In your copy, the records appear word for word and the pictures do not appear at all.

[Collected data entries]
____

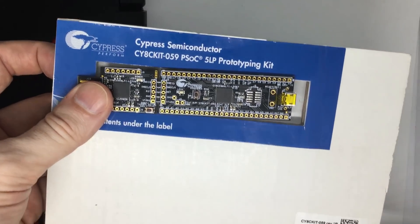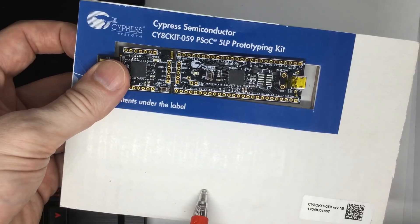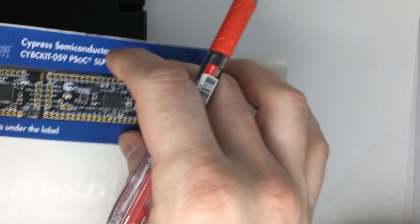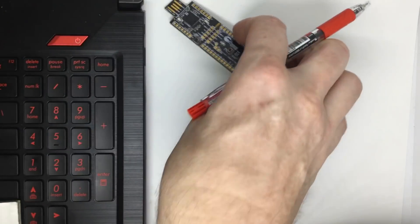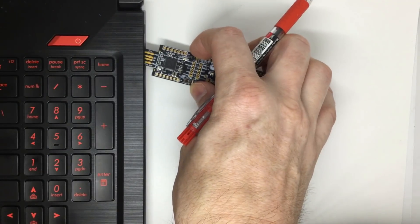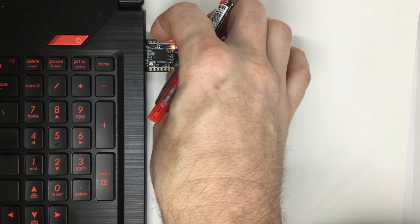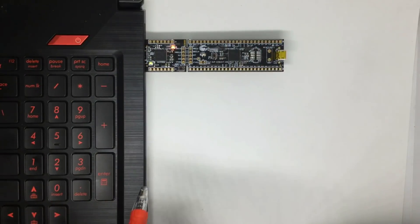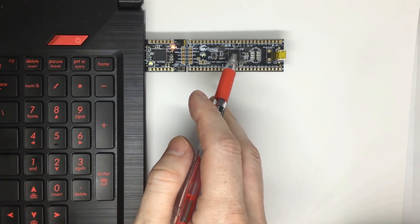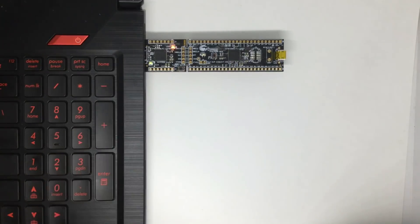Now you take the PSOC 5 LP development board and you plug the male end into the USB port of the computer, and now we're ready to program the PSOC 5 LP.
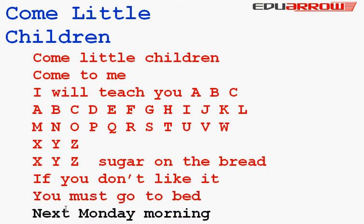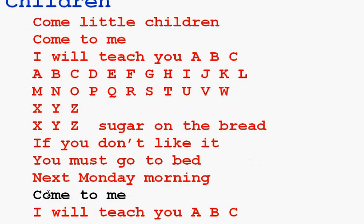Next Monday morning, come to me. I will teach you A, B, C.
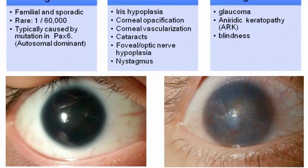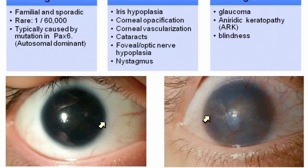As many of you know, aniridia is a congenital eye disorder that affects about 1 in 60,000 children. It's typically caused by mutations in PAX6, which makes it an autosomal dominant disorder. The important thing is that it's a panocular disorder — that means it affects different parts of the eye, including the iris, the cornea, the cataract, foveal or optic nerve hypoplasia, and an involuntary eye movement called nystagmus. It is a progressive disorder. It often includes glaucoma, aniridic keratopathy, which is an emerging recognized disorder, and it can ultimately lead to blindness.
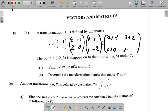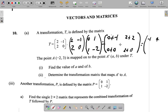Then over here it's bottom row times right column: 2 times 1 is 2, plus 0 times negative 2 is 0. So what you will end up with: 0 plus negative 1 is negative 1, 2 plus 2 is 4, 0 plus 0 is 0, 2 plus 0 is 2. So this is what I got for that 2 by 2 matrix: negative 1, 4, 0, 2.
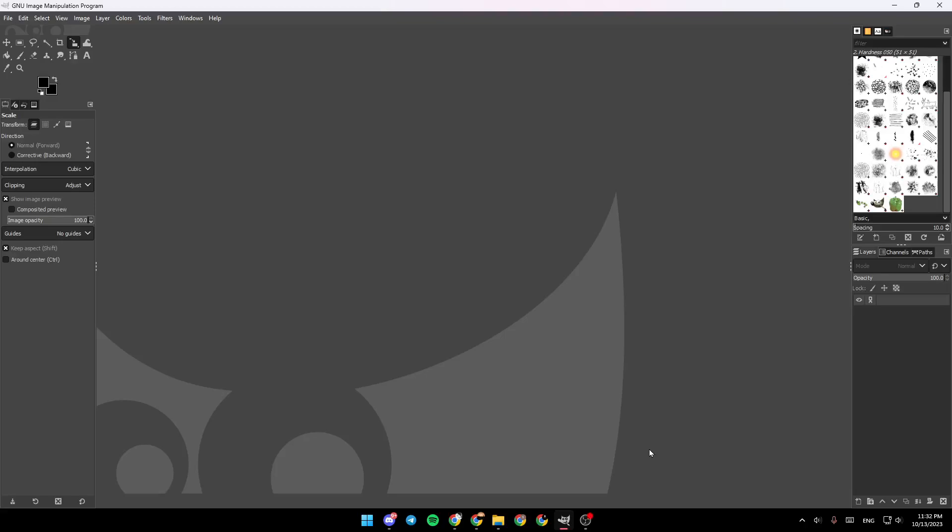Hello everyone and welcome back to a new video. In this video I'm going to show you how you can outline an image in GIMP. If you want to learn how to do it, just follow the steps that I'm going to show you.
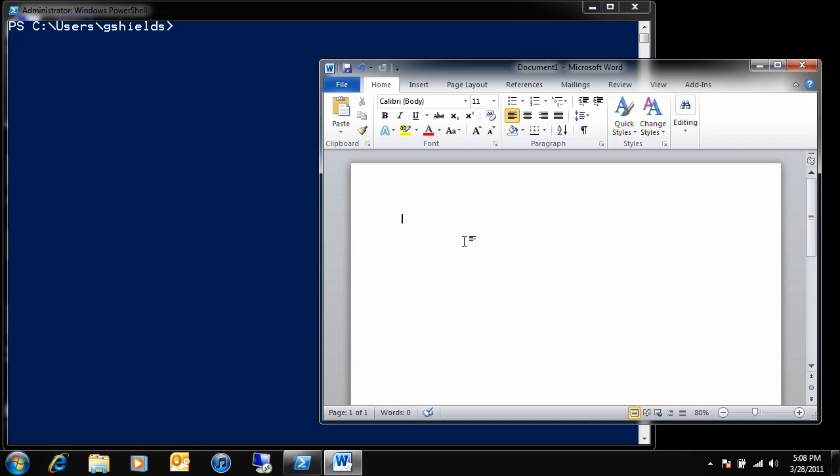Hi, this is Greg Shields, and I want to show you how you can use Windows PowerShell and some creative code to actually help you meter the application use on a system.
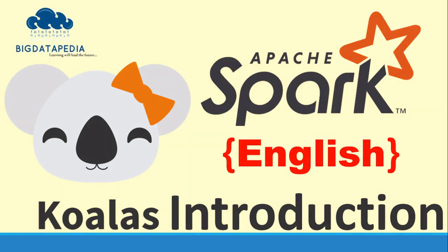Hello friends, welcome to Koalas introduction. Koalas is an easy transition from pandas to Apache Spark because pandas is a very popular data analysis and manipulation library in Python, but it is limited to running on a single machine. Koalas is an open source library that implements the pandas dataframe API on top of Apache Spark in a distributed manner.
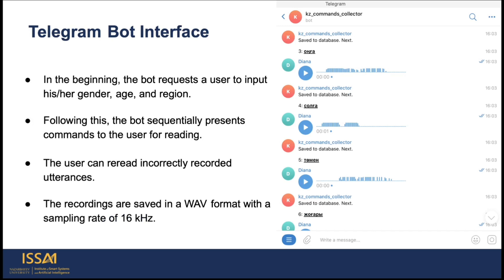The pipeline of work for the Telegram bot can be outlined as follows. In the beginning, the bot requests a user to input his or her gender, age, and region. Following this, the bot sequentially presents commands to the user for reading. The user can re-read incorrect recorded utterances.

____

◆ Your response
Now you take the PSOC 5 LP development board and you plug the male end into the USB port of the computer, and now we're ready to program the PSOC 5 LP.
Next Monday morning, come to me. I will teach you A, B, C.
As many of you know, aniridia is a congenital eye disorder that affects about 1 in 60,000 children. It's typically caused by mutations in PAX6, which makes it an autosomal dominant disorder. The important thing is that it's a panocular disorder — that means it affects different parts of the eye, including the iris, the cornea, the cataract, foveal or optic nerve hypoplasia, and an involuntary eye movement called nystagmus. It is a progressive disorder. It often includes glaucoma, aniridic keratopathy, which is an emerging recognized disorder, and it can ultimately lead to blindness.
Then over here it's bottom row times right column: 2 times 1 is 2, plus 0 times negative 2 is 0. So what you will end up with: 0 plus negative 1 is negative 1, 2 plus 2 is 4, 0 plus 0 is 0, 2 plus 0 is 2. So this is what I got for that 2 by 2 matrix: negative 1, 4, 0, 2.
Hello everyone and welcome back to a new video. In this video I'm going to show you how you can outline an image in GIMP. If you want to learn how to do it, just follow the steps that I'm going to show you.
Hi, this is Greg Shields, and I want to show you how you can use Windows PowerShell and some creative code to actually help you meter the application use on a system.
Hello friends, welcome to Koalas introduction. Koalas is an easy transition from pandas to Apache Spark because pandas is a very popular data analysis and manipulation library in Python, but it is limited to running on a single machine. Koalas is an open source library that implements the pandas dataframe API on top of Apache Spark in a distributed manner.
The pipeline of work for the Telegram bot can be outlined as follows. In the beginning, the bot requests a user to input his or her gender, age, and region. Following this, the bot sequentially presents commands to the user for reading. The user can re-read incorrect recorded utterances.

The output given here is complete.